Your objective:
The entries below contain a stretch that opens with the line containing "Scandinavian Designer. Rya" and closes with the line containing "Fancl FANCL Enrich+"; set down that stretch exactly, both ends included, and nothing else.
━━━ Data supplied
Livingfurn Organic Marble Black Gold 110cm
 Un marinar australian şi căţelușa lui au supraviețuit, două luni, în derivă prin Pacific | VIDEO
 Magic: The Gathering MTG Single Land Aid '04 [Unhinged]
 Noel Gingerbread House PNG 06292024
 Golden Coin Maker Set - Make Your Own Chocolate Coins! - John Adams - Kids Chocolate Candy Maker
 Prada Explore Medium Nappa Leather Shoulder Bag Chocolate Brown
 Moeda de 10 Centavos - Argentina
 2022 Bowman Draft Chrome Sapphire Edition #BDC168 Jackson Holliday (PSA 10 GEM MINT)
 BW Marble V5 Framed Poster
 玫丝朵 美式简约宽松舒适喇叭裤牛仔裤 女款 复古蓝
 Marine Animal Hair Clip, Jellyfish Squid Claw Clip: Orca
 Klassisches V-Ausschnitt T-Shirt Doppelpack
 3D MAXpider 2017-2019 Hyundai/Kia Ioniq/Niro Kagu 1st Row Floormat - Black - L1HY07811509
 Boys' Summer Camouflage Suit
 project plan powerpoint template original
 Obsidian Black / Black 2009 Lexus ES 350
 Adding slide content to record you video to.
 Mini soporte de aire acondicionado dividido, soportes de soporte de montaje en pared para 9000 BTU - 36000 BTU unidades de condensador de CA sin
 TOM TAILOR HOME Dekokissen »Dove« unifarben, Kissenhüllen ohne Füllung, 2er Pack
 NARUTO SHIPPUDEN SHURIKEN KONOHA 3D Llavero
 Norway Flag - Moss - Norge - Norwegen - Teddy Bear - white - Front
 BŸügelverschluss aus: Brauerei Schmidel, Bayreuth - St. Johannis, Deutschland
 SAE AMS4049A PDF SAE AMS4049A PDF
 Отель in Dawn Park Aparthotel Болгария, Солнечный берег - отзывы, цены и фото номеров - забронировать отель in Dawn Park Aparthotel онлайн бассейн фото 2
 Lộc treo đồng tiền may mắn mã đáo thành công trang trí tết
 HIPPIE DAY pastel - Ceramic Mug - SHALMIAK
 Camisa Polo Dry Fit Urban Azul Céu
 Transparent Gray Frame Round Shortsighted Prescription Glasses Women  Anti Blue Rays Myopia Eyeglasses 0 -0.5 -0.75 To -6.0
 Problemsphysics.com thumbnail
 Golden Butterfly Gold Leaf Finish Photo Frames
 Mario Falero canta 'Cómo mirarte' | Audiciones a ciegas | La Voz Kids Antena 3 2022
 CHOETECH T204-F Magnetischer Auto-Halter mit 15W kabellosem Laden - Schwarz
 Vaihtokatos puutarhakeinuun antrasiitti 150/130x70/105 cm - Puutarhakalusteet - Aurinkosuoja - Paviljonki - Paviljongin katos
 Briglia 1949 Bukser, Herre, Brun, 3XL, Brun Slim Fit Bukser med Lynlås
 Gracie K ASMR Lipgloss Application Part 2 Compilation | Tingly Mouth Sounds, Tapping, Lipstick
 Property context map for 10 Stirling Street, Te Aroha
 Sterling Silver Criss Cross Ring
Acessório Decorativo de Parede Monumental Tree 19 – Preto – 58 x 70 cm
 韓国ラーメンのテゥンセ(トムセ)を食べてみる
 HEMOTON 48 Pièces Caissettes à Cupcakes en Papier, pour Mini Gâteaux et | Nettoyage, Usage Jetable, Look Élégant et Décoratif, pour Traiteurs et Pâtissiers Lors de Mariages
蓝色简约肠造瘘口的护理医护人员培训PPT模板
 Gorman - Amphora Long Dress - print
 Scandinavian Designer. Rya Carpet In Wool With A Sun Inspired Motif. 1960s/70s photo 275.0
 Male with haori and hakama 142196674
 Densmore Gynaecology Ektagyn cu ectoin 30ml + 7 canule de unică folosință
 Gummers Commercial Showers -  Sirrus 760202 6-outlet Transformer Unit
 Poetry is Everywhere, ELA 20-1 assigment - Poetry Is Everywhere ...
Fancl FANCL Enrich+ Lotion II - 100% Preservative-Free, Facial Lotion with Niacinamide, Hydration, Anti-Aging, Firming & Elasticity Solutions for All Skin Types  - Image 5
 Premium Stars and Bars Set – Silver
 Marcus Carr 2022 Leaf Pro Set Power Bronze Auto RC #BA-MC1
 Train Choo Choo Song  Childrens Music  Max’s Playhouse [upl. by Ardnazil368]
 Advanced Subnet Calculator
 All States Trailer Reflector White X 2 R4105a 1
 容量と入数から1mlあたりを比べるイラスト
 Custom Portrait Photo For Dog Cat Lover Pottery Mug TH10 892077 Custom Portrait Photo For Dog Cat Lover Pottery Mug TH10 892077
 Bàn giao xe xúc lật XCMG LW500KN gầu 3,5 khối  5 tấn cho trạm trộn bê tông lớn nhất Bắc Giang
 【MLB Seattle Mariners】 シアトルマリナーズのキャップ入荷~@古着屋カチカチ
━━━━━━
Expected answer:
 Scandinavian Designer. Rya Carpet In Wool With A Sun Inspired Motif. 1960s/70s photo 275.0
 Male with haori and hakama 142196674
 Densmore Gynaecology Ektagyn cu ectoin 30ml + 7 canule de unică folosință
 Gummers Commercial Showers -  Sirrus 760202 6-outlet Transformer Unit
 Poetry is Everywhere, ELA 20-1 assigment - Poetry Is Everywhere ...
Fancl FANCL Enrich+ Lotion II - 100% Preservative-Free, Facial Lotion with Niacinamide, Hydration, Anti-Aging, Firming & Elasticity Solutions for All Skin Types  - Image 5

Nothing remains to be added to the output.